Friday, January 30, 2015

Blog 2

            The first town we passed was strikingly different from places I have been in the US. We drove by street after street of 15 story apartments; the tallest buildings in sight, and many large, broken buildings. They looked as if construction had been stopped mid way or else a feeble attempt at repairs had left the remains of scaffolds and tarps hanging like the untidy wrappings of half healed wound. It brought me back to the poor neighborhoods of Argentina where growth, brought by a flourishing economy came to a screeching halt when the economy crashed horribly, leaving similar skeletons of buildings. We passed a stream lined with small run down houses and shacks, some with laundry drying on lines, some with piles of trash in the front yard and spread into the forest behind. I wonder if they just have bigger problems to worry about then properly disposing of trash, but it made me think about how hard it would be to get people in developing countries to invest any extra time or energy in living sustainably. I fell asleep as we sped by agricultural fields and a small herd of deer.

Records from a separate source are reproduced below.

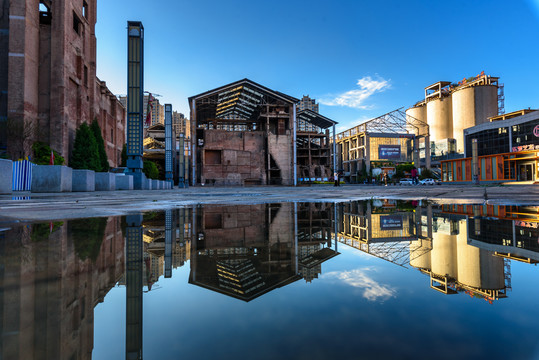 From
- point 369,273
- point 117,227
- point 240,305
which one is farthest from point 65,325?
point 117,227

            When I awoke we were climbing up a pass. We traveled though patches of forest of tall evergreens intermittent by hillsides that had recently been clear-cut. A few lonely trees still stood like sentinels above their fallen fellows. Even the few remaining were stripped of branches except for scraggly clusters at the tops. I found out later that the fallen trees had been cleared after a massive windstorm decimated the forest in November of 2004. According to the little tourist guide booklet that I got from the information desk titled “The Educational Trail Strbske Pleso”, wind gusts of more then 125 miles per hour uprooted and snapped 2.5 million cubic meters of forest. The forest has taken another blow in the form of a beetle infestation similar to the one that we are experiencing in the US. Although this region of Slovakia does not seem particularly at risk when it comes to heat storms, this type of extreme weather may be a prolog for what the people here can expect to happen more frequently. It would be interesting to see if Slovakia has connected these events to global warming in any way.

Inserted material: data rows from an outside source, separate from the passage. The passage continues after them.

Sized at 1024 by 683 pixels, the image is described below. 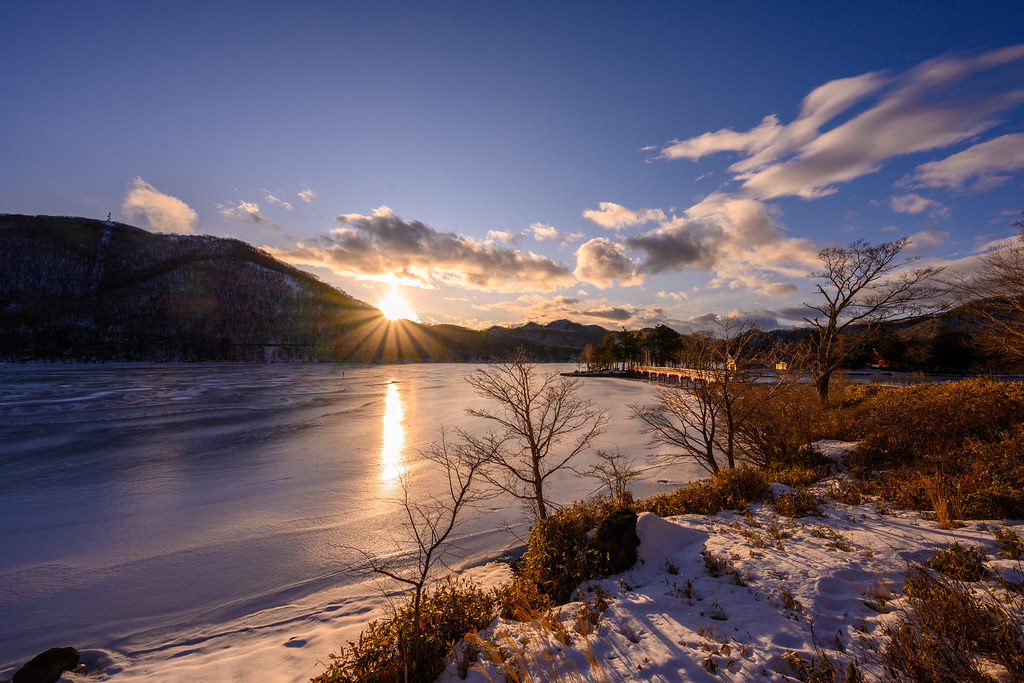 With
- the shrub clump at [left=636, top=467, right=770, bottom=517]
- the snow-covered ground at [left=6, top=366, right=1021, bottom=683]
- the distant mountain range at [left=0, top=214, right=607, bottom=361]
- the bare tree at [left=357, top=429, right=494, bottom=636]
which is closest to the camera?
the snow-covered ground at [left=6, top=366, right=1021, bottom=683]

            Another interesting aspect of the communities here are the density of housing. We noticed while riding the train that there were very few houses and lots of cute little 4 or 5 story apartments in the tiny villages that we passed through. In the larger towns there many low high rise apartments like I had seen in the first town that we went through and again, very few house. Tyna (our attaché) confirmed this. She said that people really only lived in houses if they were wealthy or their family has owned the house for many generations. In many ways this is a much more energy efficient way to live. Not only are more people housed with less building materials, heating costs, and smaller building footprint, dense housing allows for communities to be more closely knit which cuts down on the need for transportation. There are more people living within a close proximity to schools, grocery stores exc. Although it is easy to say that it is more efficient to live in a city like structure, the idea of living so close to so many people sounds terrible to me.